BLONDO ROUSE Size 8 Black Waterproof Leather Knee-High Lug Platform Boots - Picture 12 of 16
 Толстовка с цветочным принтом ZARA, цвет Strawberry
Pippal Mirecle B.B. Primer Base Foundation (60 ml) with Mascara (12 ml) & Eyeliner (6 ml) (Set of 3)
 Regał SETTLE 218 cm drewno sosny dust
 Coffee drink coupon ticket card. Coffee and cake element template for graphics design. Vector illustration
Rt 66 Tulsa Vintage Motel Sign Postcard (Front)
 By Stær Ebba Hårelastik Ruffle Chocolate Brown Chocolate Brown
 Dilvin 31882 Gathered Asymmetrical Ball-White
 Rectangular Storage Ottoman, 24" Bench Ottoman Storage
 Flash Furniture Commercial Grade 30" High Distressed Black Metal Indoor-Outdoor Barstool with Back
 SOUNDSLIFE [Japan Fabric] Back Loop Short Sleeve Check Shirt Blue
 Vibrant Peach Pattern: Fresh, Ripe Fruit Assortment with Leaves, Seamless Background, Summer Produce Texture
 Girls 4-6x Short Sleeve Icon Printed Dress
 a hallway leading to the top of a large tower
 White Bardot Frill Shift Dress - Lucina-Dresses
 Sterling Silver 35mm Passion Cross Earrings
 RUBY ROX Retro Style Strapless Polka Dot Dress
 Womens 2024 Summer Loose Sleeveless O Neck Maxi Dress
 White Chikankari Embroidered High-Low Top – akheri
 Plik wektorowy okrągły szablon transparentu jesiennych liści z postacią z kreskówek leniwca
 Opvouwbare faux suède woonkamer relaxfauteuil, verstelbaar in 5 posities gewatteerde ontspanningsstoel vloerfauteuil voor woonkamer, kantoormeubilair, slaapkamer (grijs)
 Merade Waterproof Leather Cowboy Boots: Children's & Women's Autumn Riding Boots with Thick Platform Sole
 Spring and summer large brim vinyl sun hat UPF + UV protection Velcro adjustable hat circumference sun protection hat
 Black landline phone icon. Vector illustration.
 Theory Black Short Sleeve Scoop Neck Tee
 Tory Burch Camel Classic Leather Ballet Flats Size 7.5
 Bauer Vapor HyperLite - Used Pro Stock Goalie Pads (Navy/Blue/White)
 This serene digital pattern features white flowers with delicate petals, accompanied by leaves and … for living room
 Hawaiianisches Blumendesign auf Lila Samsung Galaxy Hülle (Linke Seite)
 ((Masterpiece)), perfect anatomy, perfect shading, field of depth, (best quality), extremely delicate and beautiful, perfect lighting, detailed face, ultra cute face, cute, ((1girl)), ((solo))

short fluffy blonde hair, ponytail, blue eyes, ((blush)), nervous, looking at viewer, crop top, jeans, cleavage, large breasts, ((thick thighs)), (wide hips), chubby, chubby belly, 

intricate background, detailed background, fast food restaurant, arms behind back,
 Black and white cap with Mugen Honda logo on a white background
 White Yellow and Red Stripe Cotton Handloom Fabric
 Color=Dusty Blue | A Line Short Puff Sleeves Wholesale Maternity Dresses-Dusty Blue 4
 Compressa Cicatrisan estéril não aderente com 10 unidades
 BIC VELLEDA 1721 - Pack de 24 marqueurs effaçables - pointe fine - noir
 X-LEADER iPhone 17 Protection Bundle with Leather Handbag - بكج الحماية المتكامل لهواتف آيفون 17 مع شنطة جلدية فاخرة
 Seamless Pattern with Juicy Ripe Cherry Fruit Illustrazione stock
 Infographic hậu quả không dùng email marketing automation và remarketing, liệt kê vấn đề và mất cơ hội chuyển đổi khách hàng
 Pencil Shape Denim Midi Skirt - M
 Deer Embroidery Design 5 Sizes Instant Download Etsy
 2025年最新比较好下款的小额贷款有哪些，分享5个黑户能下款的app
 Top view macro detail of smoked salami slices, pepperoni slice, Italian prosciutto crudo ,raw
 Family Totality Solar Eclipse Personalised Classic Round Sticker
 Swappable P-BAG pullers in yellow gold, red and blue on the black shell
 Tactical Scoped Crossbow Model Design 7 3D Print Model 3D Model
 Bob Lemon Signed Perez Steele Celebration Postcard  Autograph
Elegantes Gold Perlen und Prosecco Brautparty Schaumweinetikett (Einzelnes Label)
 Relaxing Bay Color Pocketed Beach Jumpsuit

============================================================

◆ TO DO
Return word for word the lines above from the line with "White Bardot Frill" to the line with "Black and white", including both and leaving out all others.

◆ COMPLETED EXERCISE
 White Bardot Frill Shift Dress - Lucina-Dresses
 Sterling Silver 35mm Passion Cross Earrings
 RUBY ROX Retro Style Strapless Polka Dot Dress
 Womens 2024 Summer Loose Sleeveless O Neck Maxi Dress
 White Chikankari Embroidered High-Low Top – akheri
 Plik wektorowy okrągły szablon transparentu jesiennych liści z postacią z kreskówek leniwca
 Opvouwbare faux suède woonkamer relaxfauteuil, verstelbaar in 5 posities gewatteerde ontspanningsstoel vloerfauteuil voor woonkamer, kantoormeubilair, slaapkamer (grijs)
 Merade Waterproof Leather Cowboy Boots: Children's & Women's Autumn Riding Boots with Thick Platform Sole
 Spring and summer large brim vinyl sun hat UPF + UV protection Velcro adjustable hat circumference sun protection hat
 Black landline phone icon. Vector illustration.
 Theory Black Short Sleeve Scoop Neck Tee
 Tory Burch Camel Classic Leather Ballet Flats Size 7.5
 Bauer Vapor HyperLite - Used Pro Stock Goalie Pads (Navy/Blue/White)
 This serene digital pattern features white flowers with delicate petals, accompanied by leaves and … for living room
 Hawaiianisches Blumendesign auf Lila Samsung Galaxy Hülle (Linke Seite)
 ((Masterpiece)), perfect anatomy, perfect shading, field of depth, (best quality), extremely delicate and beautiful, perfect lighting, detailed face, ultra cute face, cute, ((1girl)), ((solo))

short fluffy blonde hair, ponytail, blue eyes, ((blush)), nervous, looking at viewer, crop top, jeans, cleavage, large breasts, ((thick thighs)), (wide hips), chubby, chubby belly, 

intricate background, detailed background, fast food restaurant, arms behind back,
 Black and white cap with Mugen Honda logo on a white background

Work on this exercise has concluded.